Overcoming Growth-Induced Forgetting in Task-Agnostic Continual Learning
Yuqing Zhao, Jiannong Cao, Divya Saxena, Xiaoyun Liu, Changlin Song, Bo Yuan, Julie McCann
TL;DR
Growth of model capacity in task-agnostic continual learning can trigger forgetting when the entire grown model is used for inference. The authors identify growth-induced forgetting and show existing growth strategies differ in forgetting risks, with layer expansion offering a path to reduce forgetting. They propose SparseGrow, combining layer expansion, gradient gating, and sparse training/initialization to enable targeted updates and controlled plasticity. Extensive experiments across domain- and class-incremental datasets demonstrate SparseGrow achieves high adaptability while minimizing forgetting, outperforming baselines with modest parameter overhead.
Abstract
In continual learning (CL), model growth enhances adaptability to new data.
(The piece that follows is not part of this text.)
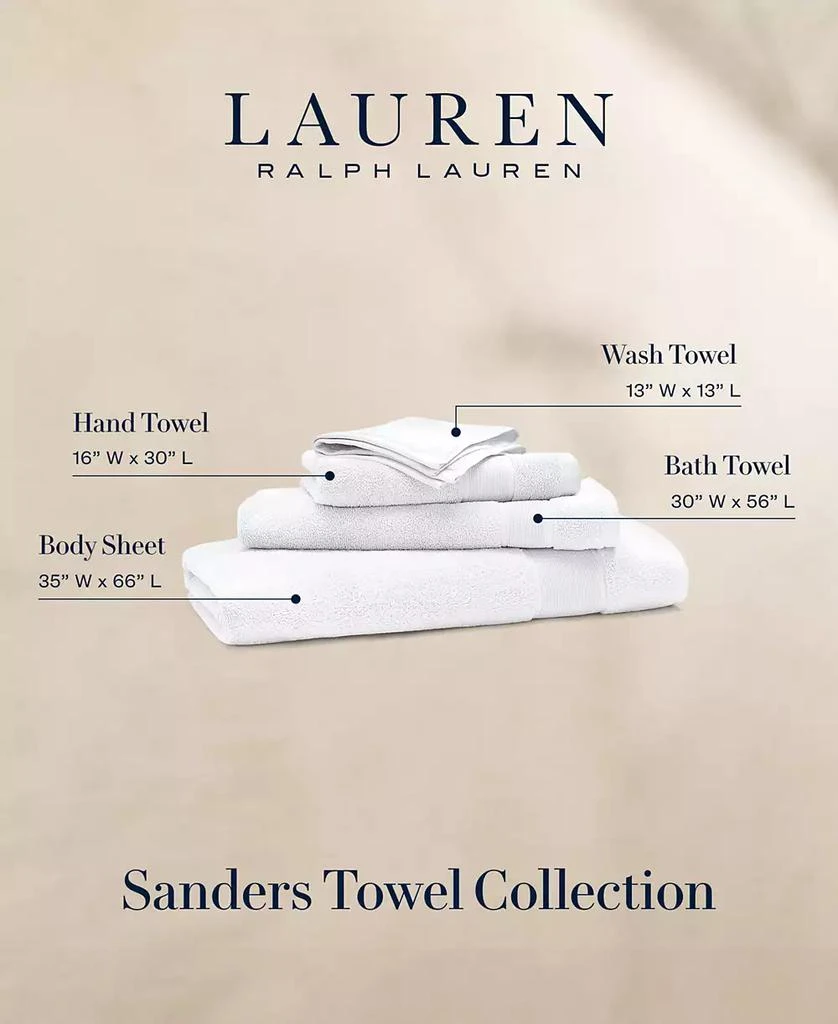 商品Ralph Lauren|Sanders Solid Antimicrobial Cotton Bath Towel, 30" x 56",价格¥73,第2张图片详细描述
However, when model growth is applied improperly, especially in task-agnostic CL, where the entire grown model is used for inference, it can lead to severe degradation of learned knowledge, a problem we term growth-induced forgetting. Most existing methods that adopt model growth to improve adaptability often overlook the forgetting issue, resulting in compromised knowledge retention, making them unsuitable for task-agnostic settings. To promote both adaptability and knowledge retention with model growth, we identify the key: gradient and parameter sparsity. Introducing SparseGrow, which increases gradient sparsity through layer expansion and gradient gating to enable focused updates on parameters while preserving critical parameters, thus inhibiting forgetting. Moreover, it promotes parameter sparsity with sparse initialization and training, aiming at better control of model plasticity, improving adaptability over new data. Extensive experiments across diverse datasets, task-agnostic settings, and a large number of tasks demonstrate the necessity of controlled layer expansion and validate the effectiveness of SparseGrow in achieving high adaptability while minimizing forgetting in continual learning. By enabling model growth with sparsified gradients and parameters, SparseGrow paves the way for building scalable lifelong learning systems capable of continual adaptation with better knowledge retention.